Glynn's paycheck from the voyage was a personal check written by Shawhan and his wife. Usually Shawhan would purchase new equipment or rain gear for a new crew member and deduct the cost out of his paycheck. In Glynn's case, however, Shawhan provided Glynn with boots to use on the vessel but agreed to let Glynn keep them without charge. Finally, when Glynn showed up late for work while the NO PROBLEM was in dock, Shawhan fired him.

While there is no settled set of criteria for determining whether a Jones Act employment relationship exists, the Supreme Court has indicated that "[o]ne must look at the venture as a whole. Whose orders controlled the master and the crew? Whose money paid their wages? Who hired the crew? Whose initiative and judgment chose the route and the ports?" Cosmopolitan, 337 U.S. at 795, 69 S.Ct. at 1323-24. The Third Circuit similarly focuses on the degree of control exercised over the crew member and looks to factors such as payment, direction, supervision, and source of the power to hire and fire. Matute v. Lloyd Bermuda Lines, Ltd., 931 F.2d 231, 236 (3d Cir.), cert. denied, 502 U.S. 919, 112 S.Ct. 329, 116 L.Ed.2d 270 (1991).

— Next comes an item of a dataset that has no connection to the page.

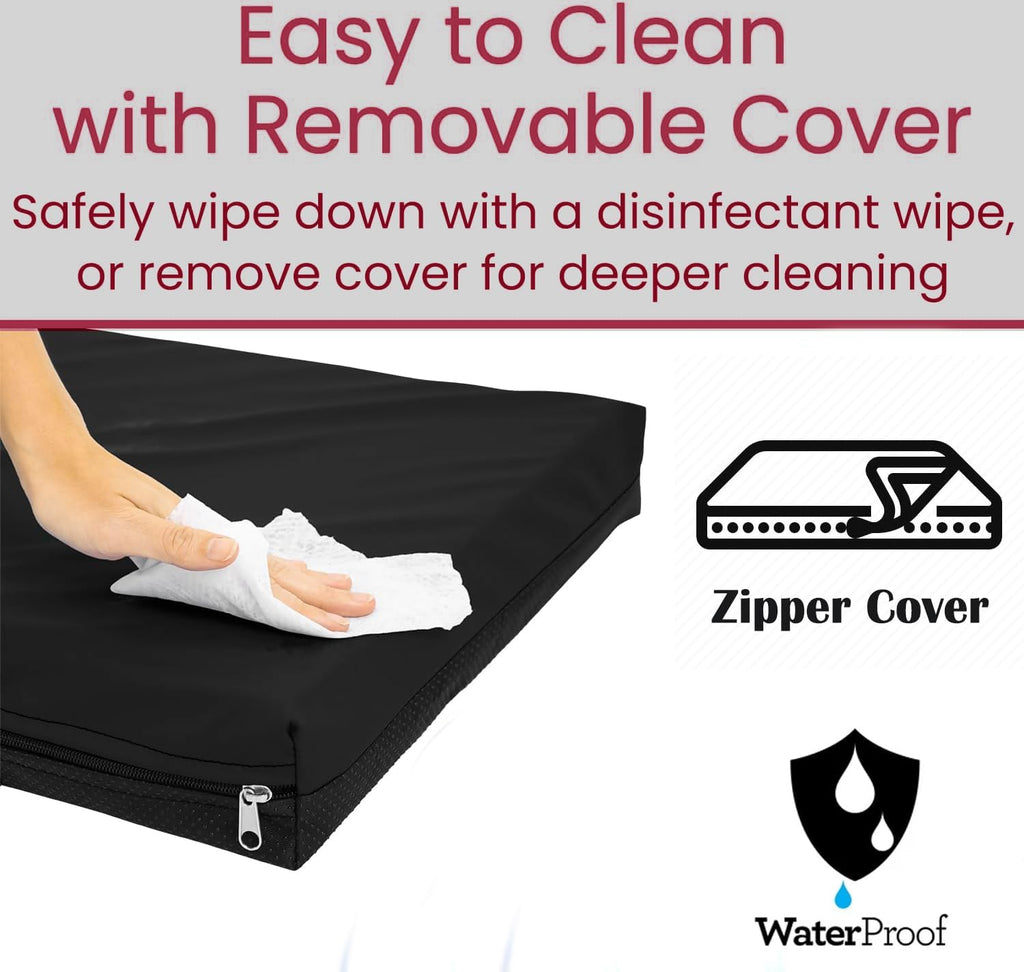 Wheelchair Cushion Foam Ergonomic Posture Seat Pads Comfort Car Hip, Tailbone Support Pressure Sore Relief Office Chairs, Car Seats Vinyl Wipeable Black Cover (20" X 18" X 4")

Considering these factors, no reasonable jury could have found that Glynn was anything other than an employee. When he signed on, he was told that he and Shawhan worked for Roy Al. Roy Al and Shawhan decided where the vessel would go. Glynn had no control over when, where, or how long the fishing would occur. He had no say in managing, operating, or supervising the boat or its crew. His contract speaks in terms of compensation and his pay could be confiscated if he were found with contraband. The cost of his gear was not deducted from Glynn's share of the profit. He was hired on, could leave or be terminated, and was indeed fired. All of these facts point to an employment relationship; only the fact that Glynn's compensation was a percentage of net profit supports a finding of joint venture, but payment by shares is not inconsistent with the employer/employee relationship. 7 Southern Shell Fish Co. v. Plaisance, 196 F.2d 312, 314 (5th Cir.1952); see Callan v. Cope, 165 F.2d 703 (9th Cir.1948). Under these circumstances, we cannot say the district court erred in holding as a matter of law that Glynn was an employee of Roy Al.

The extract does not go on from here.